Space exploration is undoubtedly an activity that characterizes our species and determines our future. We dream of conquering other worlds beyond our own and inhabiting Mars, the Moon, and other planetary systems. The main problem is distance. Everything in the universe is very far from us, and with our current technology, a trip to any world outside the Solar System in less than a millennium is unthinkable. But the brightest minds manage to come up with innovative ideas that could solve our disturbing inability to migrate to other planets. For example, a researcher has proposed using magnetic plasma to propel rockets with 10 times the power of regular boosters.
How we launch stuff into space
Currently, it takes us between six to eight months to reach Mars and between one and 10 years to get to the most remote regions of the Solar System. If we wanted to send a crewed ship of any considerable size to Alpha Centauri, the closest star system to us (4.3 light years), it would take centuries with current propulsion systems.
An ordinary spacecraft that take off from Cape Canaveral several times a year contains a payload (the probe, satellite, ship, or module) that represents one-third of the total weight of the spacecraft and propulsion made up of a nucleus and typically two rockets. The fuel that generates the ignition and continuously the thrust energy that lifts the ship can be solid or liquid. These types of engines are called chemical propulsion. There are also nuclear fusion propellants, which are not used for takeoff but for acceleration during flight.
The problem with chemical engines is that the fuel is effective in getting an initial thrust of propulsion, but for a brief period. Fatima Ebrahimi, a physicist at the Princeton Plasma Physics Laboratory (PPPL), found a way around this problem: using magnetic plasma. She proposes an engine that could generate thrust longer than chemical fuels, allowing the ship to reach speeds ten times faster than the current ones.
Magnetic plasma thruster
Plasma thrusters have been around for decades, but they use electric fields to regulate the activity of the plasma. Instead, Ebrahimi suggests using magnetic fields to take advantage of a phenomenon known as magnetic reconnection.
This phenomenon occurs when two magnetic field lines with opposite charges come closer and connect at a point, canceling their total charge. “At that point of contact, the magnetic energy is annihilated, and the energy is converted into kinetic energy. […] The magnetic reconnection process occurs during the eruption of solar flares when mass and energy are ejected from the solar surface into space,” the researcher told Freethink.
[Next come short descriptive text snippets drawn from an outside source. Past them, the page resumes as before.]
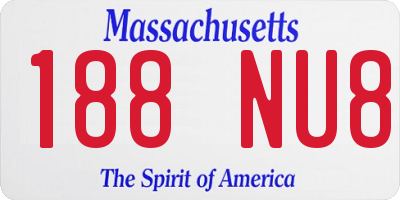MA license plate 188NU8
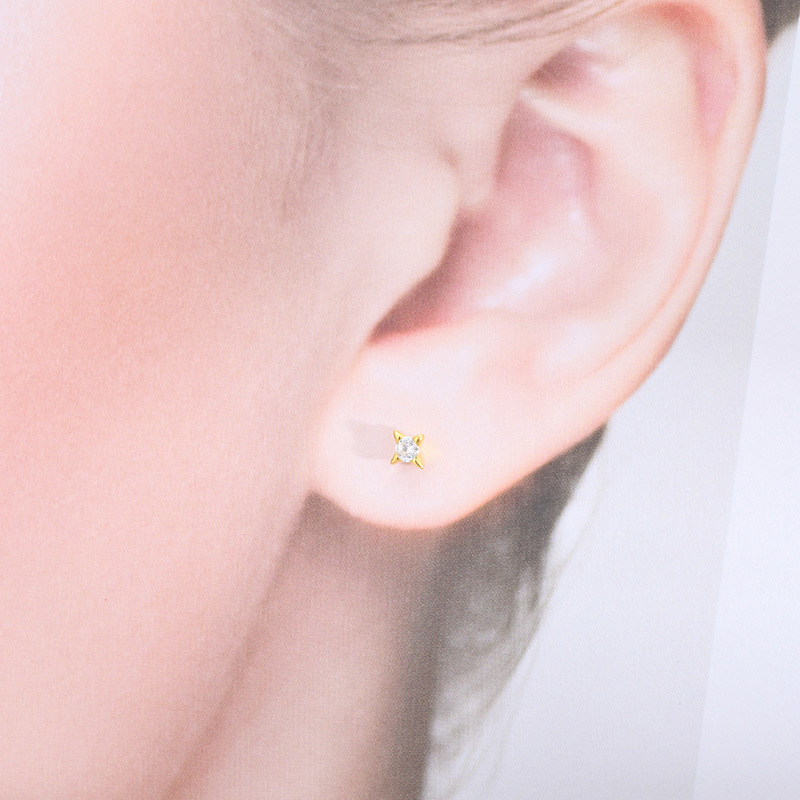 1 Pair Quantity 1 Pair 925 Sterling Silver Rhinestones Star Ear Studs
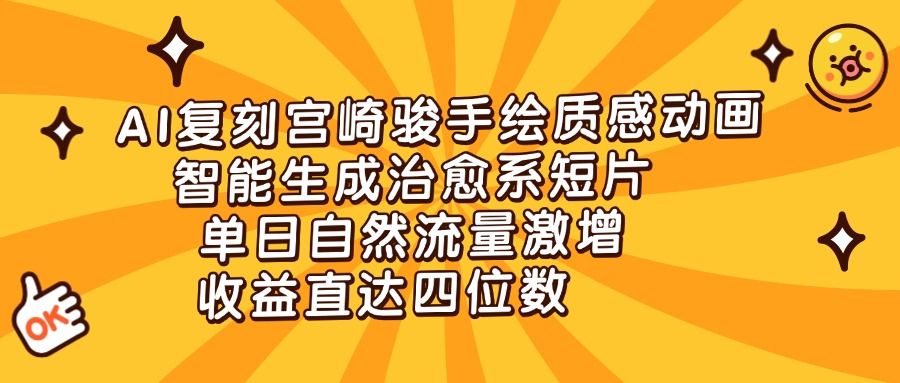 AI复刻宫崎骏手绘质感动画，智能生成治愈系短片，单日自然流量激增，收益直达四位数 - 臻优资源网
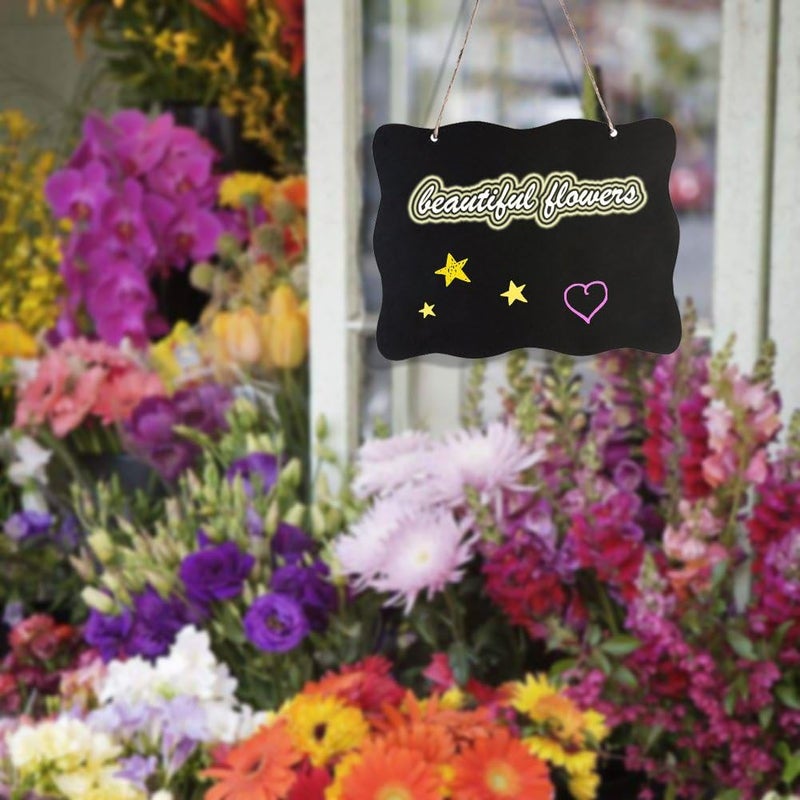 AUSTOR Chalkboard Sign 8x10 Inch Double Sided Erasable Message Board with Hanging Strings, 2 Shapes x 2, 4 Pack - Image 5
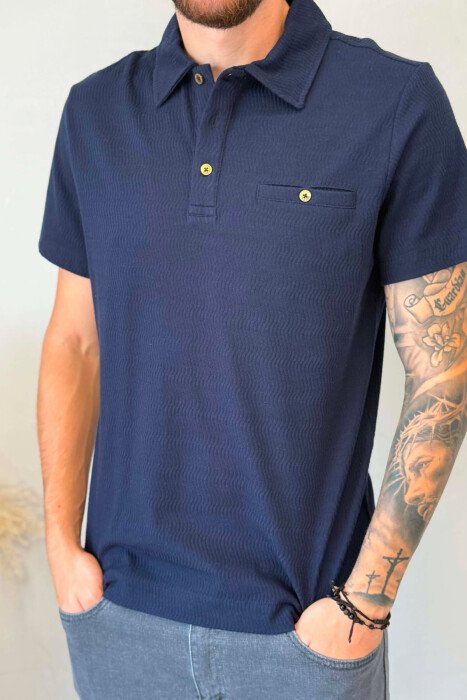 POLO NECK FRONT POCKET MEN T-SHIRT DARK BLUE/BEE - 4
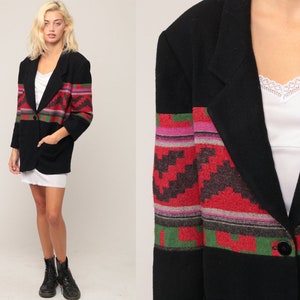 Southwestern Jacket Aztec Blazer Blanket Jacket Tribal WOOL BLEND 80s Boho Black Southwest Print Hippie Vintage Bohemian Medium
Fatima works in a plasma laboratory where they use magnetic methods to control the plasma in nuclear fusion interventions. In her preprint, Ebrahimi describes the design of a magnetic plasma motor and includes the simulations she did. Magnetic field bubbles produce a tremendous amount of kinetic energy when they form, so this energy could be harnessed to propel spacecraft.
The advantage of having a thruster made up of electromagnets is that you can choose the intensity of the magnetic flux of the plasma, so it would serve as a kind of accelerator that would allow mission engineers to decide the speed and acceleration of their ships at each point of its trajectory.
Making interstellar space exploration possible
“If we make thrusters based on magnetic reconnection, we could possibly complete long-distance missions in a shorter period of time,” she added.
She and her collaborators need funding to take this idea beyond simulations. She hopes to be able to work in a lab in the next few years and one day see her idea embodied in a rocket soaring across the gigantic sky.
Meanwhile, other alternative propulsion projects are still in development. For example, the Direct Fusion Drive (DFD) is a fusion engine whose developers intended to effect takeoff propulsion. They consider it feasible to launch tests with this technology by 2028.